## DATA EXTRACT

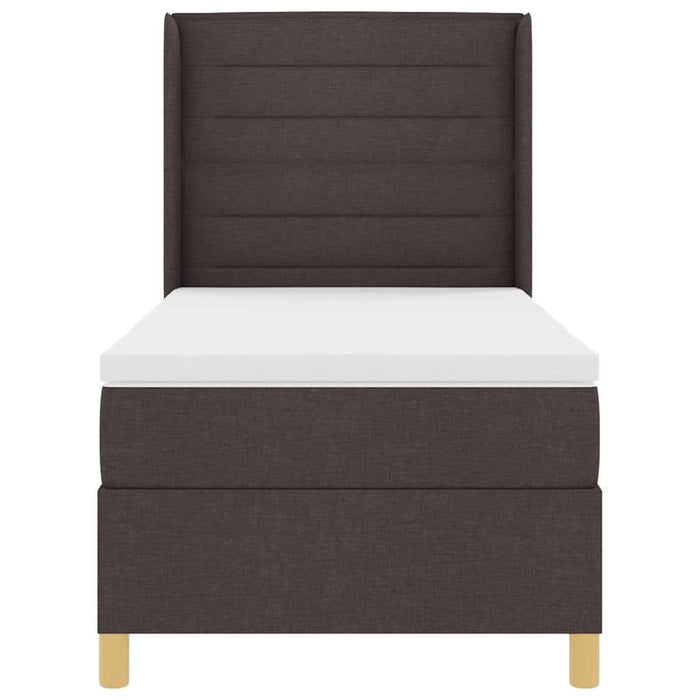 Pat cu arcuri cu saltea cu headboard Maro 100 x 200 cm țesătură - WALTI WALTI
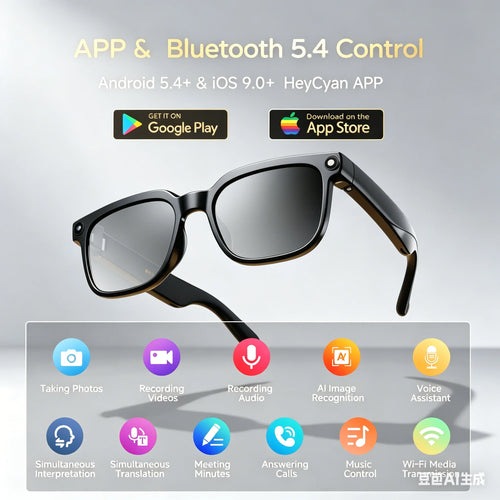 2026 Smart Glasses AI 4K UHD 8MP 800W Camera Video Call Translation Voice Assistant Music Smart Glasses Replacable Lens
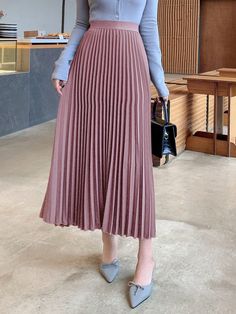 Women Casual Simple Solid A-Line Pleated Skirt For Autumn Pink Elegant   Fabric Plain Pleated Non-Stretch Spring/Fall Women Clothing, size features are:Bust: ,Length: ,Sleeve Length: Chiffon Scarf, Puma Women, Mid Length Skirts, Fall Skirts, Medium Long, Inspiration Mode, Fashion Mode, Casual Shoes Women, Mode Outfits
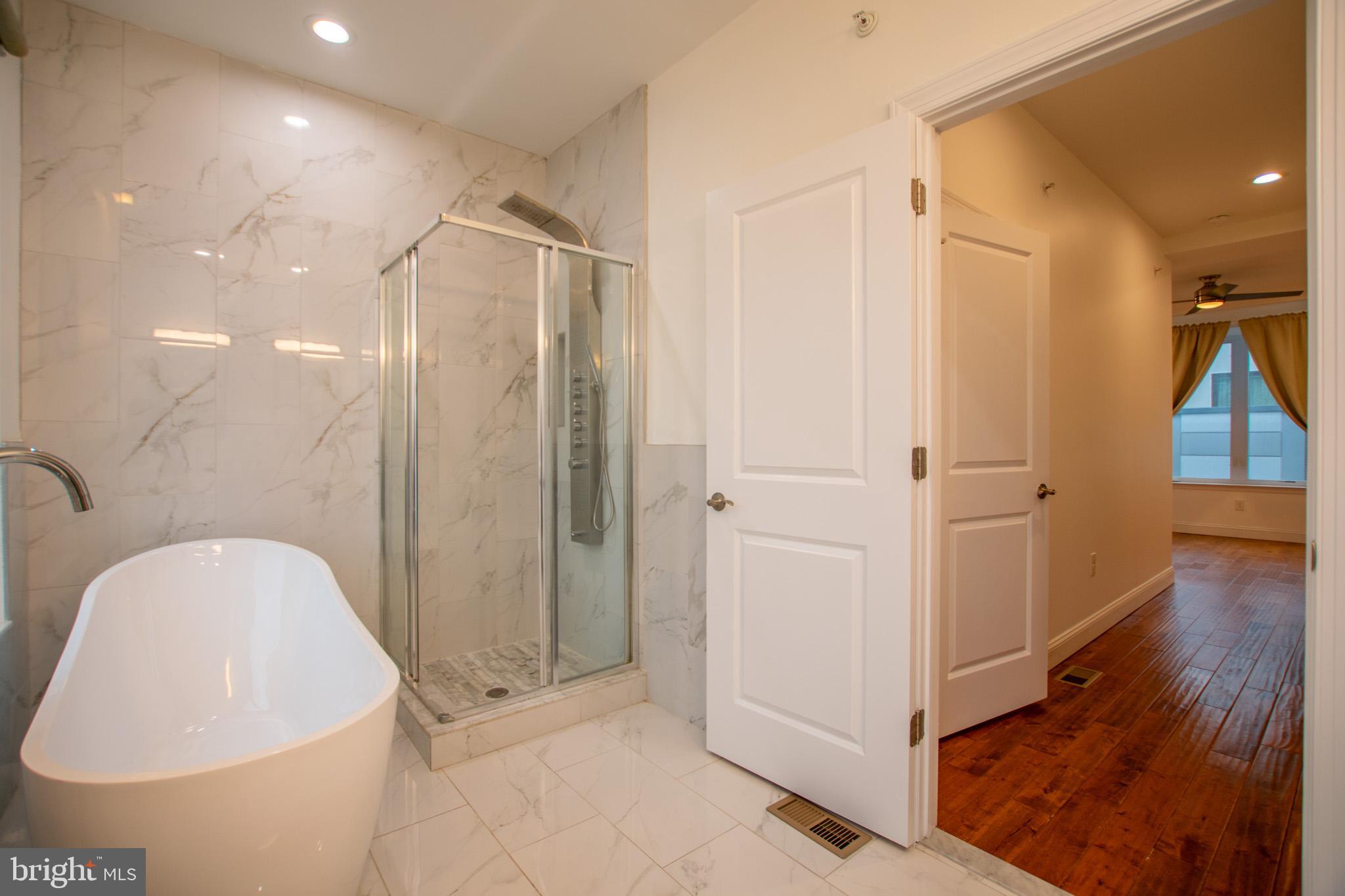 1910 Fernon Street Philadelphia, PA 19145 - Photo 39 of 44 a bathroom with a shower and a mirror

## YOUR GOAL
Starting from the line that contains "2026 Smart Glasses", transcribe exactly each line down to the final line of the material above, excluding every picture and adding nothing else.

## SOLVED EXERCISE
 2026 Smart Glasses AI 4K UHD 8MP 800W Camera Video Call Translation Voice Assistant Music Smart Glasses Replacable Lens
 Women Casual Simple Solid A-Line Pleated Skirt For Autumn Pink Elegant   Fabric Plain Pleated Non-Stretch Spring/Fall Women Clothing, size features are:Bust: ,Length: ,Sleeve Length: Chiffon Scarf, Puma Women, Mid Length Skirts, Fall Skirts, Medium Long, Inspiration Mode, Fashion Mode, Casual Shoes Women, Mode Outfits
 1910 Fernon Street Philadelphia, PA 19145 - Photo 39 of 44 a bathroom with a shower and a mirror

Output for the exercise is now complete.